Instead of dealing with the real problems that exist in the global North today, Mazur would have us target poor women in the global South because of what they might do in the future.
This makes no sense. Not only do Third World countries have low overall emission rates, but within those countries women are low emitters – and the poorest women produce the lowest levels of all. They are the first and greatest victims of global warming, and they bear the least responsibility for causing it – but Mazur tells us that that their fertility is the problem we should address. It’s difficult to see either feminism or justice in that.
Mazur’s approach directs attention away from the huge ecological debt that rich countries owe to the global South. A central focus for the global climate justice movement is the demand for repayment of that debt, both in financial contributions and through massive transfer of low-emissions technology that can enable economic development without promoting climate change. Achieving this won’t be easy – but populationists who start from socially conservative assumptions don’t even consider the possibility of transforming the way the global economy works.
In Hartmann’s words: “Missing from the equation is any notion that people are capable of effecting positive social and environmental change, and that the next generation could make the transition out of fossil fuels.”
The wrong way to go
For the poorest women in the world, winning unrestricted access to high-quality health services, including safe birth control and abortion, would be a huge victory. But linking that campaign to global warming is the wrong way to go.
The name “Population Justice” sounds good, but the project rests on an illusion, on a self-defeating attempt to combine incompatible causes. As the feminist scholar Asoka Bandarage wrote following the 1994 Conference on Population and Development:
As liberal feminist activists form alliances with population control advocates and depend on the latter’s monetary and institutional support, they, too, come to accept the neo-Malthusian position which reduces ‘women’s rights’ to ‘reproductive rights,’ which in turn are equated with ‘population policies’. … [S]ubsuming women’s issues within the neo-Malthusian framework leads to a neglect of the social structural roots of women’s subordination.[8]
The combination of population reduction and women’s rights was already like oil and water. Adding CO2 reductions to the mix only makes things worse, treating the fight for women’s rights as an instrument for achieving technical goals, not as a demand for justice in its own right.
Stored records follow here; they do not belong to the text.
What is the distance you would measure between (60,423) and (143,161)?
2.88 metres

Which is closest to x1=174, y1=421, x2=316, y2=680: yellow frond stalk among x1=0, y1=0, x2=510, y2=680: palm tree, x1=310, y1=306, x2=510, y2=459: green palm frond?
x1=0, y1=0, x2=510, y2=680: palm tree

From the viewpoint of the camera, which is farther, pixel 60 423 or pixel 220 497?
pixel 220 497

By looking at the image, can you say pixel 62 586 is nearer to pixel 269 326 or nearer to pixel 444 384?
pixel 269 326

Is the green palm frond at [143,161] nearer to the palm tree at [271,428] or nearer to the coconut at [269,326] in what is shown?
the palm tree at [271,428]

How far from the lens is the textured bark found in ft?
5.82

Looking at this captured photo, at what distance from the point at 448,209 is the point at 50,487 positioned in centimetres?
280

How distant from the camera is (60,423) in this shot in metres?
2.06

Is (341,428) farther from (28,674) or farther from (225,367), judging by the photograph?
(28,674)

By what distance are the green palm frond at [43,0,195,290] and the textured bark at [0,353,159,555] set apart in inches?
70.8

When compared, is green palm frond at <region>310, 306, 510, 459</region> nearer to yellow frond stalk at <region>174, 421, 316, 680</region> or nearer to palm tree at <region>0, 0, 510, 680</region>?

By adapting to populationist prejudices, the Population Justice project is heading down a dangerous road. It is adding a liberal voice to the efforts of bigots and misogynists to blame Third World women for global warming, and by doing so it undermines both women’s rights and the fight against climate change.
My thanks to Lis Angus, Simon Butler and Richard Fidler for their advice and comments on this article.
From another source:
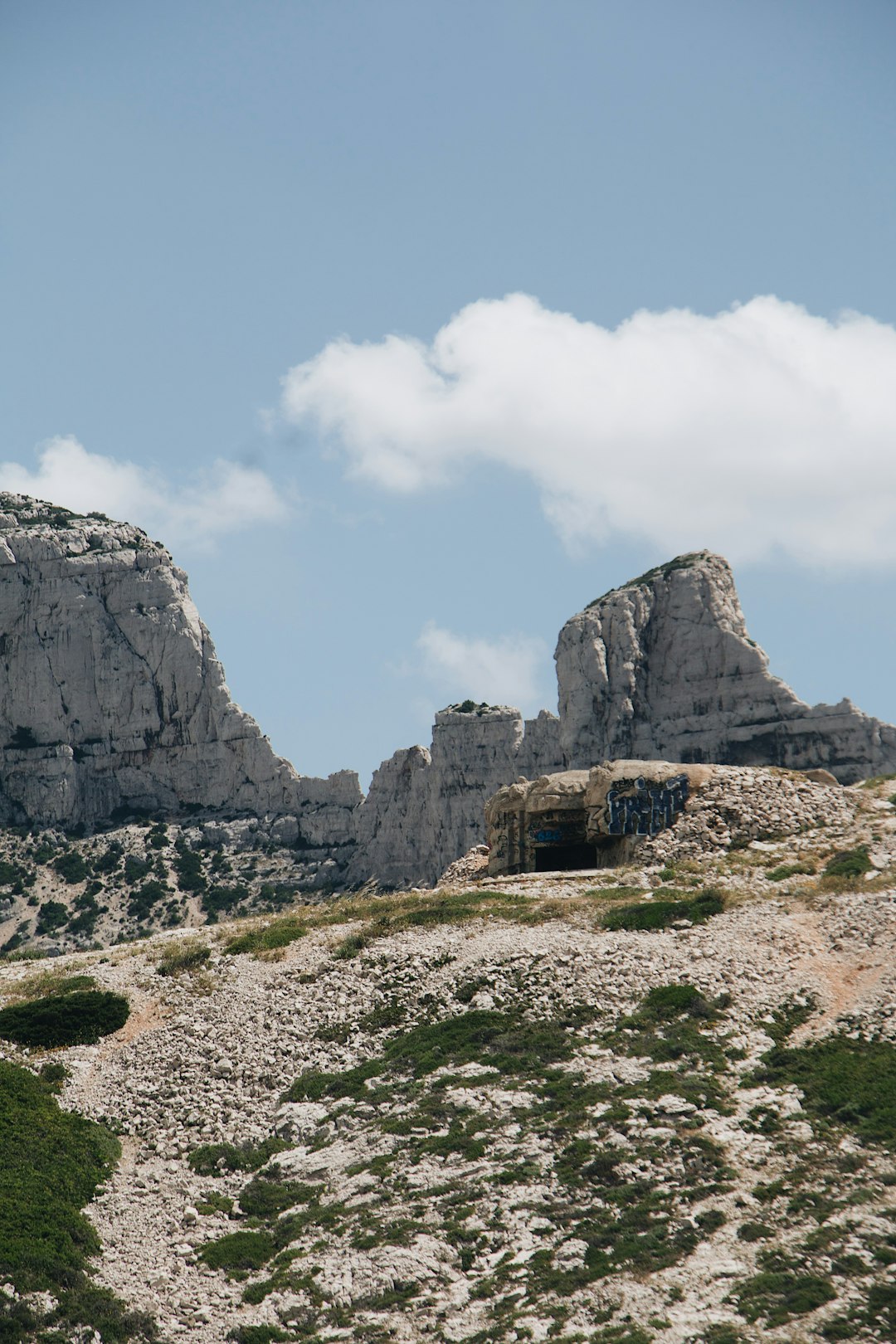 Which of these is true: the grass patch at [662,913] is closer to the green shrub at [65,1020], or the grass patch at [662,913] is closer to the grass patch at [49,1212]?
the green shrub at [65,1020]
[Ian Angus is editor of the online journal Climate and Capitalism, where this article first appeared. It is posted at Links International Journal of Socialist Renewal with permission. Angus' book The Global Fight for Climate Justice was published by Resistance Books (UK) in 2009, and will be released in North America by Fernwood Publishing in February 2010.]
Footnotes
[1] Paul Ehrlich. The Population Bomb. Ballantyne Books, 1968. pp. 66-67
[2] In what follows, all quotes from Betsy Hartman are from “The ‘New’ Population control Craze: Retro, Racist, Wrong Way to Go”, which was first published in On the Issues.
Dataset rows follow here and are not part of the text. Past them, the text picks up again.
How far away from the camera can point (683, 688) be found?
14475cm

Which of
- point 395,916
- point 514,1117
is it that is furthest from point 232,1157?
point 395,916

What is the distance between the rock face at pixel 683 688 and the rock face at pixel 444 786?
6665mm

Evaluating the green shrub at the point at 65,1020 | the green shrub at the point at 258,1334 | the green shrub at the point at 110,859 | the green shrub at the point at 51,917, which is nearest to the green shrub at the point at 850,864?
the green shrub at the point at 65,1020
[3] In what follows, all quotations from Laurie Mazur are from these sources:
- “Population & environment: a progressive, feminist approach.” Originally published in On the Issues, Fall 2009.
- “The Population Debate Is Screwed Up.” Alternic, March 28, 2009.
- “A neglected climate strategy: Empower women, slow population growth.” Bulletin of the Atomic Scientists, October 12, 2009.
- “Introduction,” to Laurie Mazur, editor, A Pivotal Moment: Population, Justice and the Environmental Challenge. Island Press, Washington DC, 2009
[4] For links to some articles on the population debate, see “Why Population Isn’t the Problem.” Climate and Capitalism, December 7, 2009.
[5] OPT news release, August 17 2009. “Tackle Population Growth to Beat Climate Change.”
[6] James Oldham. “Rethinking the Link: A Critical Review of Population-Environment Programs.” February 2006.
[7] Susana Chávez Alvarado with Jacqueline Nolley Echegaray. “Going to Extremes: Population Politics and Reproductive Rights in Peru.” in Mazur, A Pivotal Moment, pp. 292-299
[8] Asoka Bandarage. Women, Population and Global Crisis: A Political-Economic Analysis. Zed Books, London, 1997. p. 7
“population issue” is a red herring
I have argued in the article above and elsewhere, is that the “population issue” is a red herring,’
How can it possibly be a red herring? More and more of our flora and fauna are disappearing;water is becoming scarce;land is being degraded; poverty-matched by maternal and child morbidity-continues unabated. No anti-capitalist movement can ever hope to succeed without an effective population policy.
We need to tackle the whole concept of unlimited growth and an integral part of this challenge must be our ever-increasing numbers.To concentrate solely on the reduction of GDP is to adopt an ostrich ‘flat earth’ mentality.
Again-this is not about too many poor people-it is about all of us.
I think that overpopulation
I think that overpopulation is a serious problem, but I say the only moral solution is to make the Third World more like the First so that they have the same low or negative population growth as developed nations.
In my opinion we must:
Reduce the infant and child mortality rate so that parents no longer have large families to ensure enough survive. Introducing old age pensions world wide will make this work better since the poor won't be afraid of starving in their old age if they don't have enough children to look after them.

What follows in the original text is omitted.